[gmx-users] using dual CPU's
pbuscemi at q.com
pbuscemi at q.com
Wed Dec 12 15:36:26 CET 2018
Dear users ( one more try )
I am trying to use 2 GPU cards to improve modeling speed. The computer described in the log files is used to iron out models and am using to learn how to use two GPU cards before purchasing two new RTX 2080 ti's. The CPU is a 8 core 16 thread AMD and the GPU's are two GTX 1060; there are 50000 atoms in the model
Using ntpmi and ntomp settings of 1: 16, auto ( 4:4) and 2: 8 ( and any other combination factoring to 16) the rating for ns/day are approx. 12-16 and for any other setting ~6-8 i.e adding a card cuts efficiency by half. The average load imbalance is less than 3.4% for the multicard setup .
I am not at this point trying to maximize efficiency, but only to show some improvement going from one to two cards. According to a 2015 paper form the Gromacs group “ Best bang for your buck: GPU nodes for GROMACS biomolecular simulations “ I should expect maybe (at best ) 50% improvement for 90k atoms ( with 2x GTX 970 ) What bothers me in my initial attempts is that my simulations became slower by adding the second GPU - it is frustrating to say the least. It's like swimming backwards.

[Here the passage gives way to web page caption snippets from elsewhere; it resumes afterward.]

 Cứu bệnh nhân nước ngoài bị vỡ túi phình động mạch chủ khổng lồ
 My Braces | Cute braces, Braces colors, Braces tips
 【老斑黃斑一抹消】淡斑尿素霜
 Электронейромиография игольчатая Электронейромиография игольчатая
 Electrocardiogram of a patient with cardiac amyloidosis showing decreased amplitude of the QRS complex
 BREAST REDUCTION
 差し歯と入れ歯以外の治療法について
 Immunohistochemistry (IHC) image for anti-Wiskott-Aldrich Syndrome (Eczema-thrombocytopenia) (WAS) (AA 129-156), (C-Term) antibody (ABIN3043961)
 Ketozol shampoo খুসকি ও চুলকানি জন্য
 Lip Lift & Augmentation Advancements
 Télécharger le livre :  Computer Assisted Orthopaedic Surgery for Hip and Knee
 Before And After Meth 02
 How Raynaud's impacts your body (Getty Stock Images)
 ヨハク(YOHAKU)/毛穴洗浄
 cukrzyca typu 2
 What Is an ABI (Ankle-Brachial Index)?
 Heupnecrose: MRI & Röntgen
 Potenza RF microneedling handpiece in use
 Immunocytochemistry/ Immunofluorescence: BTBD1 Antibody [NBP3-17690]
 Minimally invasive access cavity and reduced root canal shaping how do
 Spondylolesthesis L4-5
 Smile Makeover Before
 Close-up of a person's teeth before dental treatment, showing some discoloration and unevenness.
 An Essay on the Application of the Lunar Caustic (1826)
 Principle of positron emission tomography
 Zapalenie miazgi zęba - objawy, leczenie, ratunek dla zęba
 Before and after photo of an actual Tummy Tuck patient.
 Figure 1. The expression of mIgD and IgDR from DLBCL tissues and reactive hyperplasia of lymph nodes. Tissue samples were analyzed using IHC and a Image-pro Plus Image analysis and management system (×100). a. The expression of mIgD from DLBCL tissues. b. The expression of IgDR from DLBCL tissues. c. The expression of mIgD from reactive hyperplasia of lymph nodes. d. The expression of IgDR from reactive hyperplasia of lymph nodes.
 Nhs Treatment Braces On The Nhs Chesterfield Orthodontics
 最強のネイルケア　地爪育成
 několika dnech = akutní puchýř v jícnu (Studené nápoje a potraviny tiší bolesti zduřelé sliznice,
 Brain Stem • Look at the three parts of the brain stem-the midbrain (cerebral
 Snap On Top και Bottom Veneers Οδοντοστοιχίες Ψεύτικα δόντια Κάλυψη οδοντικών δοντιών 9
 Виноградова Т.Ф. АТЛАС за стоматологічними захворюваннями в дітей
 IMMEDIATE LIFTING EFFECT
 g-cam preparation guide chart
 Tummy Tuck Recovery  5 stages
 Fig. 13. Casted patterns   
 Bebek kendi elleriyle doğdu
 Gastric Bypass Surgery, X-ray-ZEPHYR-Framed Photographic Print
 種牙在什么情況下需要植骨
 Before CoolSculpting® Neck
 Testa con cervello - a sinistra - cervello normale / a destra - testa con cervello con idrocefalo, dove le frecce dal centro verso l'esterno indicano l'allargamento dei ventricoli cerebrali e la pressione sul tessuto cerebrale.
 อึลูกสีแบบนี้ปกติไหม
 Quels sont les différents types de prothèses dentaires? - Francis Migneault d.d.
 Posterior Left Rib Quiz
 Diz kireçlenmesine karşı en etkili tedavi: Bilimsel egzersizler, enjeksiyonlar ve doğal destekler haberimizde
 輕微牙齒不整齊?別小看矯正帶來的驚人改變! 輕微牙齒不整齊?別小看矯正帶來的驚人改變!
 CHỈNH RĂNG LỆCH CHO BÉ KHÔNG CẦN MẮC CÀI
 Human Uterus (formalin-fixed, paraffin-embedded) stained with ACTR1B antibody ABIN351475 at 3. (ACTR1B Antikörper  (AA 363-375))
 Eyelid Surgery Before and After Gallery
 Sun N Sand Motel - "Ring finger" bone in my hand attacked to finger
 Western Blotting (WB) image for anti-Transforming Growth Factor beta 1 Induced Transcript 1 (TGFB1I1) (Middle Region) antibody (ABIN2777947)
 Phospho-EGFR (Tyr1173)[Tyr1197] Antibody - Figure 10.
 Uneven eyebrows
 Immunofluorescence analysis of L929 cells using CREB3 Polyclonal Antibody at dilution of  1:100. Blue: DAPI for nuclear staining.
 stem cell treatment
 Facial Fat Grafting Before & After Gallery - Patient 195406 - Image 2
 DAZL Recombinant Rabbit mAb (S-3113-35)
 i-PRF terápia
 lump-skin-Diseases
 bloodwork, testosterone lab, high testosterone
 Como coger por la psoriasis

I know am missing - as a minimum - the correct setup for mdrun and suggestions would be welcome
The output from the last section of the log files is included below.
=========================== ntpmi 1 ntomp:16 ==============================
<====== ############### ==>
<==== A V E R A G E S ====>
<== ############### ======>
Statistics over 29301 steps using 294 frames
Energies (kJ/mol)
Angle G96Angle Proper Dih. Improper Dih. LJ-14
9.17533e+05 2.27874e+04 6.64128e+04 2.31214e+02 8.34971e+04
Coulomb-14 LJ (SR) Disper. corr. Coulomb (SR) Coul. recip.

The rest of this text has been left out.